(Crawled caption data)
○ ○ ○ ○ ○ ○ ○
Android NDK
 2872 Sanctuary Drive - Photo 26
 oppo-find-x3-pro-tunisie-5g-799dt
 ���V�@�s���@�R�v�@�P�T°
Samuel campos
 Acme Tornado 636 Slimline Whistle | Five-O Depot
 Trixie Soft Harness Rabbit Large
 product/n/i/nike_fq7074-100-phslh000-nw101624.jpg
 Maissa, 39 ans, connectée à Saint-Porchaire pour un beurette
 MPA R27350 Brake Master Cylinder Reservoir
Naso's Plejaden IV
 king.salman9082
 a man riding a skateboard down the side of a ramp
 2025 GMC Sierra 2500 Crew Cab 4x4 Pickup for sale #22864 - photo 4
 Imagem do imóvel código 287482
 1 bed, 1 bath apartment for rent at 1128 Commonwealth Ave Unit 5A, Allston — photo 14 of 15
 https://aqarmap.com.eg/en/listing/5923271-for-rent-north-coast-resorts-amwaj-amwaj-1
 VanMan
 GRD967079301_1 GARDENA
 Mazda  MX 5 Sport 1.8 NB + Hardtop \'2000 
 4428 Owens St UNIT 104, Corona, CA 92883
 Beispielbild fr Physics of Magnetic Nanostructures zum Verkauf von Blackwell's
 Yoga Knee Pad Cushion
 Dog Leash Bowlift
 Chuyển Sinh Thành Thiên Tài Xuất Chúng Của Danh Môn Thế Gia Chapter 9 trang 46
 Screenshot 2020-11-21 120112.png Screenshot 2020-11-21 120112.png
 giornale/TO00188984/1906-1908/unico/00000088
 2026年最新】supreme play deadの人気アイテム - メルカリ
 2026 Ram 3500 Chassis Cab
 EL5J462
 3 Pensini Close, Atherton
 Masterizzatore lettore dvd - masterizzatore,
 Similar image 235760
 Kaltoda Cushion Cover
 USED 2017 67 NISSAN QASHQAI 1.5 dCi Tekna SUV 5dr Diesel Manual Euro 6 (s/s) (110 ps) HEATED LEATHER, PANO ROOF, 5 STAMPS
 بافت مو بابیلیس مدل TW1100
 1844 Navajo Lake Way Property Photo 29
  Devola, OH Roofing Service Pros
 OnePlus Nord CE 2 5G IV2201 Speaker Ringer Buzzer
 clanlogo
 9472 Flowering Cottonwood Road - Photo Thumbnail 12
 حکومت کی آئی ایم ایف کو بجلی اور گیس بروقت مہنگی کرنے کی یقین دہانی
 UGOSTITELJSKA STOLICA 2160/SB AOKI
○ ○ ○ ○ ○ ○ ○
▸ Assignment
Where the line containing "2026 Ram 3500 Chassis Cab" appears in the data above, begin there and reproduce every line to the end exactly; include nothing else.

▸ Output for this exercise
 2026 Ram 3500 Chassis Cab
 EL5J462
 3 Pensini Close, Atherton
 Masterizzatore lettore dvd - masterizzatore,
 Similar image 235760
 Kaltoda Cushion Cover
 USED 2017 67 NISSAN QASHQAI 1.5 dCi Tekna SUV 5dr Diesel Manual Euro 6 (s/s) (110 ps) HEATED LEATHER, PANO ROOF, 5 STAMPS
 بافت مو بابیلیس مدل TW1100
 1844 Navajo Lake Way Property Photo 29
  Devola, OH Roofing Service Pros
 OnePlus Nord CE 2 5G IV2201 Speaker Ringer Buzzer
 clanlogo
 9472 Flowering Cottonwood Road - Photo Thumbnail 12
 حکومت کی آئی ایم ایف کو بجلی اور گیس بروقت مہنگی کرنے کی یقین دہانی
 UGOSTITELJSKA STOLICA 2160/SB AOKI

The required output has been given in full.